[Directions]:
Repeat the entries exactly but omit the pictures.
--------
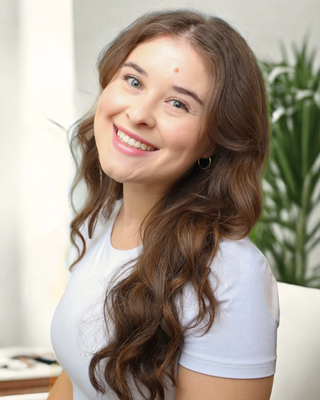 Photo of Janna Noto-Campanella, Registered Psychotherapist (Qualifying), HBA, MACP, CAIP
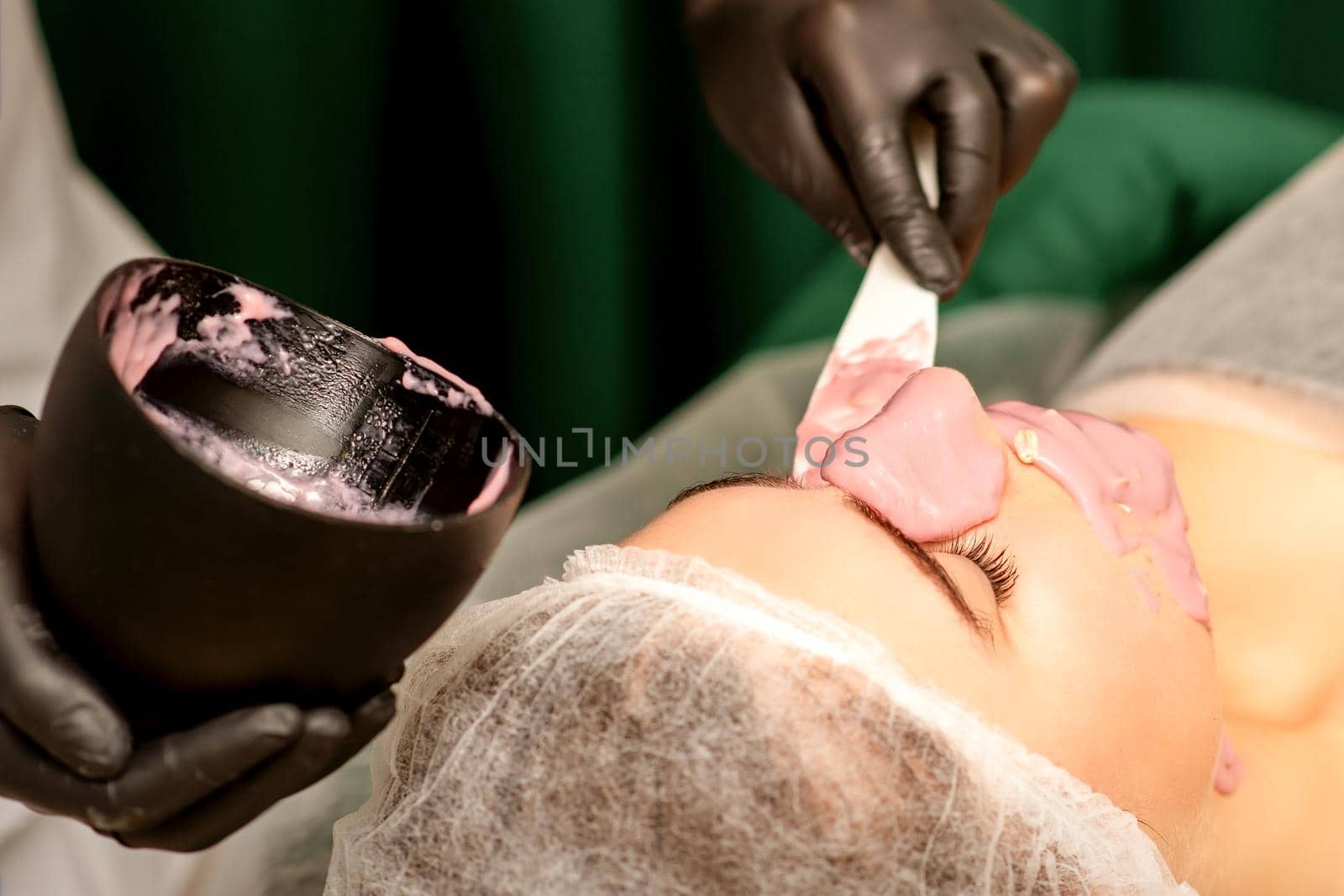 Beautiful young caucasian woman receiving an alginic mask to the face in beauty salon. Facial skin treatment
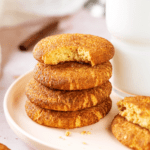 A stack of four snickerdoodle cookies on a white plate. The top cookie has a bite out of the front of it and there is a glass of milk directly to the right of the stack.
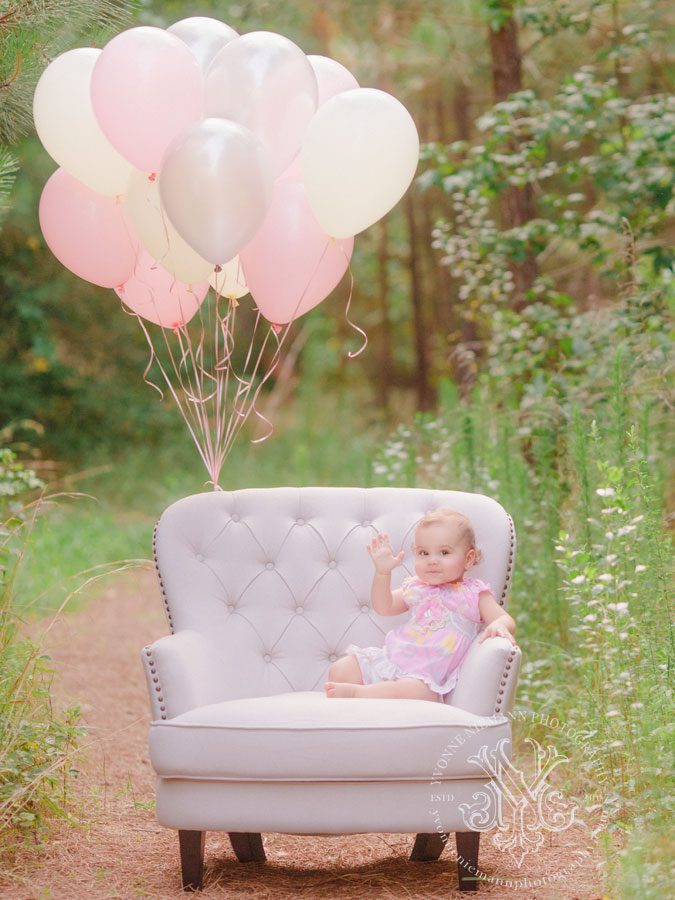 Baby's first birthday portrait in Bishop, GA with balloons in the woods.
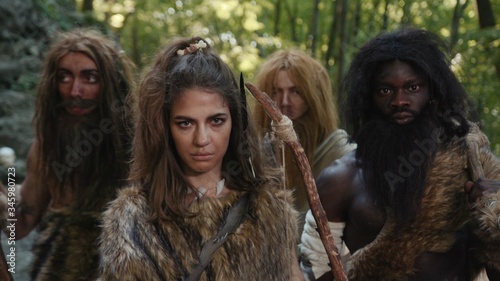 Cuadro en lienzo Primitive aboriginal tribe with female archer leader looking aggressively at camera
--------
[Answer area]:
 Photo of Janna Noto-Campanella, Registered Psychotherapist (Qualifying), HBA, MACP, CAIP
 Beautiful young caucasian woman receiving an alginic mask to the face in beauty salon. Facial skin treatment
 A stack of four snickerdoodle cookies on a white plate. The top cookie has a bite out of the front of it and there is a glass of milk directly to the right of the stack.
 Baby's first birthday portrait in Bishop, GA with balloons in the woods.
 Cuadro en lienzo Primitive aboriginal tribe with female archer leader looking aggressively at camera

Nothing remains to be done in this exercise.